How many unique triangles can be formed with two side lengths of 10 centimeters and one 40° angle

Answer 1

There are two unique triangles that can be formed two side lengths of 10 centimeters and one 40º angle.

Explanation:

There are theoretically three unique triangles that can be formed with two side lengths of 10 centimeters and one 40º angle. We include a representation of possible triangles:

Case A - Law of Cosine (
`a = 10\,cm`,
`b = 10\,cm`,
`C = 40^(\circ)`)

`c= \sqrt{a^(2)+b^(2)-2\cdot a\cdot b\cdot \cos C}` (1)

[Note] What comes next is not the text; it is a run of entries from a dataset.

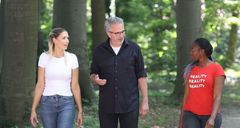 Das Bild zeigt zwei Frauen und ein Mann, die zusammen spazieren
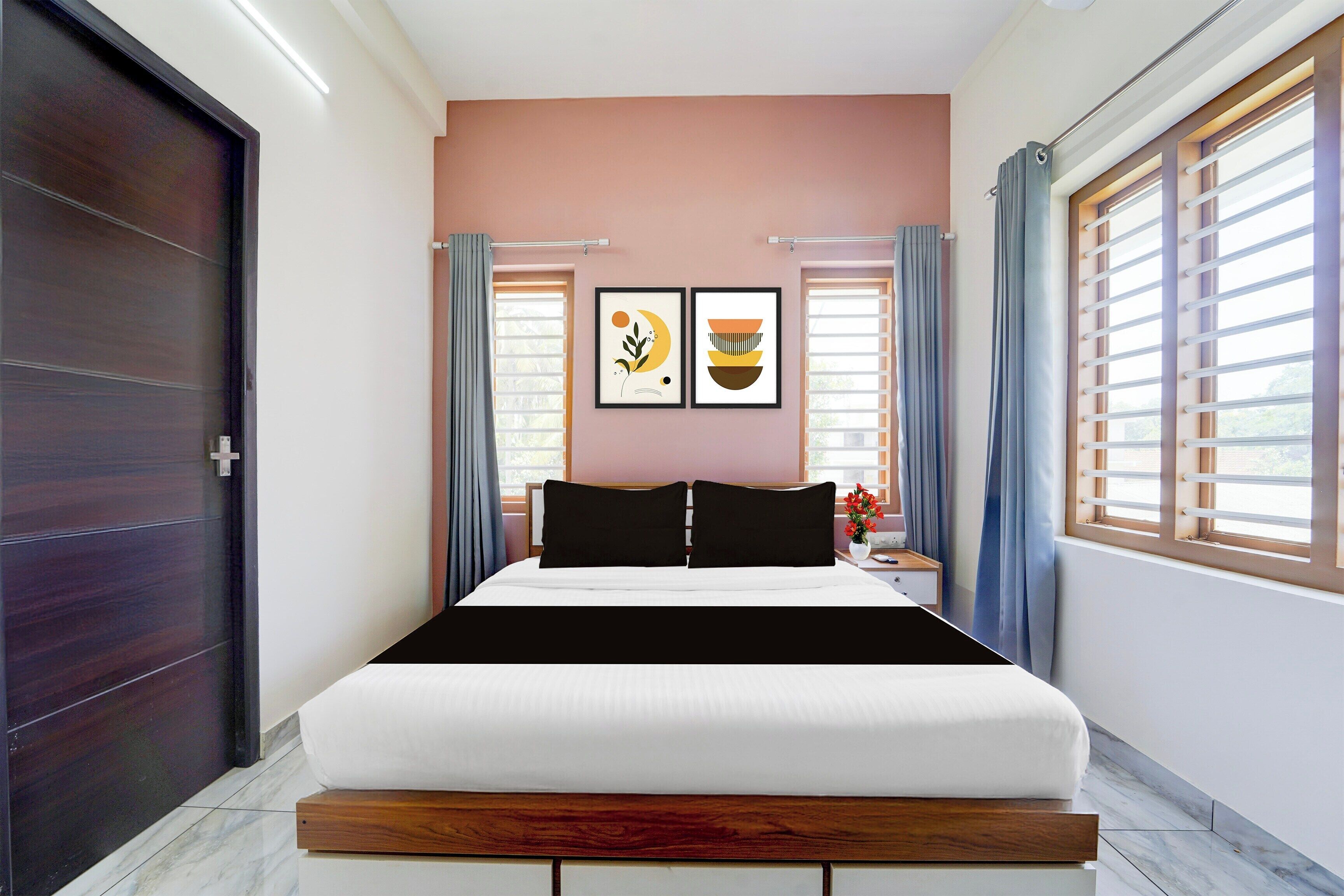 Una habitación de hotel con una cama, una mesita de noche, una ventana con cortinas y dos cuadros en la pared.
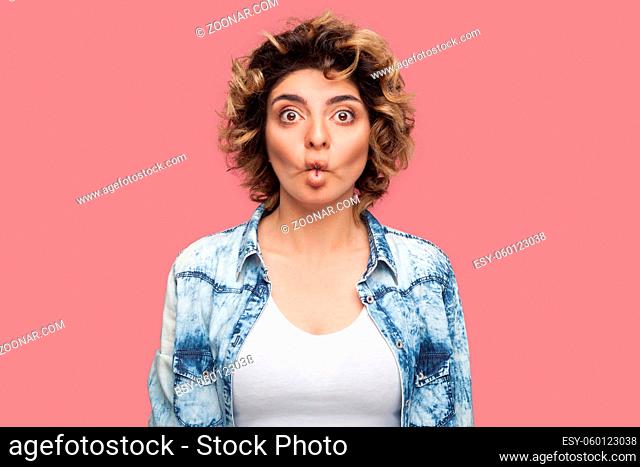 Portrait of funny young woman with curly hairstyle in casual blue shirt standing with fish pout lips and looking at camera with big eyes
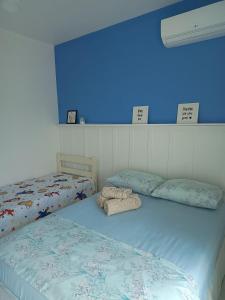 1 dormitorio con 2 camas y pared azul en Studio Morro das Pedras, en Florianópolis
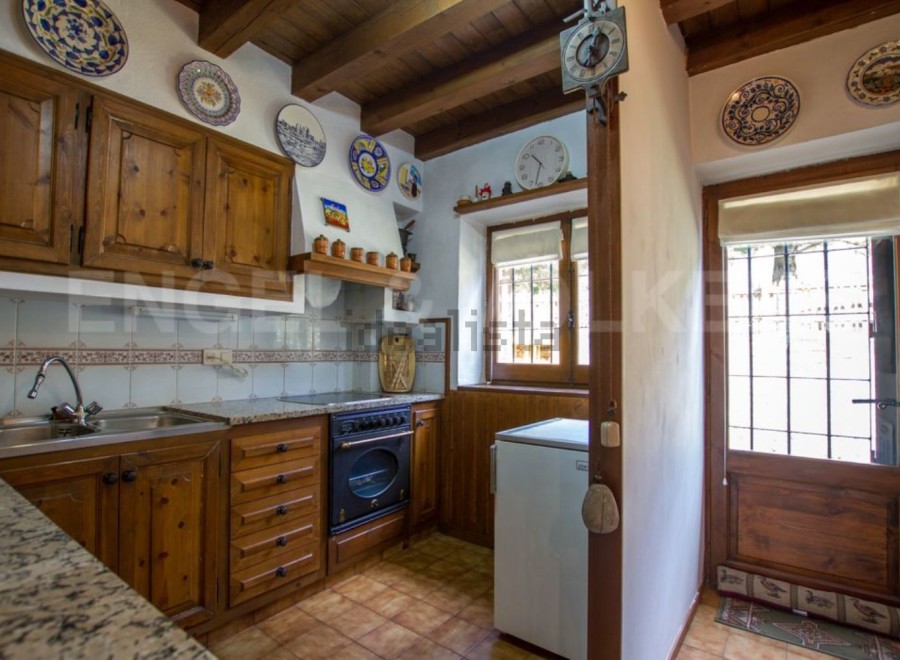 Rustic kitchen with wooden cabinets and granite countertops.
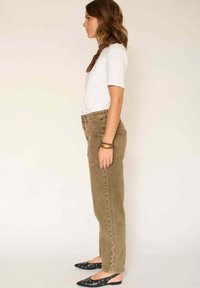 Pantalons en velours côtelé marron taille haute avec poches latérales, associés à un T-shirt blanc et des ballerines noires à bouts pointus ornées de motifs ronds.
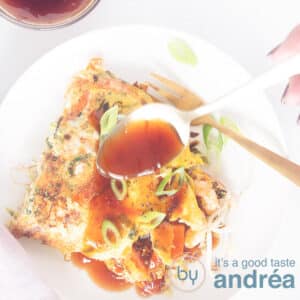 A square picture of a white plate with Egg Foo Young, some sauce dripping onto it.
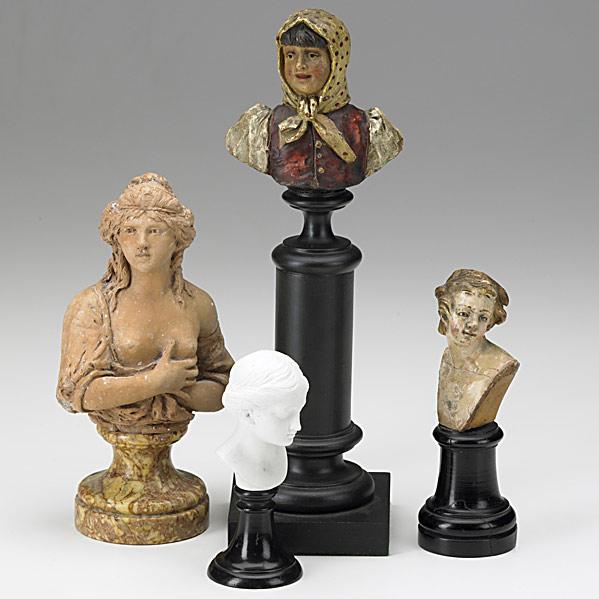 Appraisal: FOUR BUSTSTerra cotta and parian of womenEarly composition figurePolychromed woman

`c = \sqrt{(10\,cm)^(2)+(10\,cm)^(2)-2\cdot (10\,cm)\cdot (10\,cm)\cdot \cos 40^(\circ)}`

`c\approx 6.840\,cm`

Case B - Laws of Sine and Cosine (
`a = 10\,cm`,
`b = 10\,cm`,
`B = 40^(\circ)`)

`(a)/(\sin A) = (b)/(\sin B)` (2)

`\sin A = (a\cdot \sin B)/(b)`

`A = \sin^(-1)\left((a\cdot \sin B)/(b) \right)`

`A = \sin^(-1)\left[((10\,cm)\cdot (\sin 40^(\circ)))/(10\,cm) \right]`

`A = 40^(\circ)`

`C = 180^(\circ)-A-B`

`C = 100^(\circ)`

`c= \sqrt{a^(2)+b^(2)-2\cdot a\cdot b\cdot \cos C}`

`c = \sqrt{(10\,cm)^(2)+(10\,cm)^(2)-2\cdot (10\,cm)\cdot (10\,cm)\cdot \cos 100^(\circ)}`

`c \approx 15.321\,cm`

Case C - Laws of Sine and Cosine (
`a = 10\,cm`,
`b = 10\,cm`,
`A = 40^(\circ)`)

`(a)/(\sin A) = (b)/(\sin B)`

`\sin B = (b\cdot \sin A)/(a)`

`B = \sin^(-1)\left((b\cdot \sin A)/(a) \right)`

`B = 40^(\circ)`

`C = 180^(\circ)-A-B`

`C = 100^(\circ)`

`c= \sqrt{a^(2)+b^(2)-2\cdot a\cdot b\cdot \cos C}`

`c = \sqrt{(10\,cm)^(2)+(10\,cm)^(2)-2\cdot (10\,cm)\cdot (10\,cm)\cdot \cos 100^(\circ)}`

`c \approx 15.321\,cm`

There are two unique triangles that can be formed two side lengths of 10 centimeters and one 40º angle.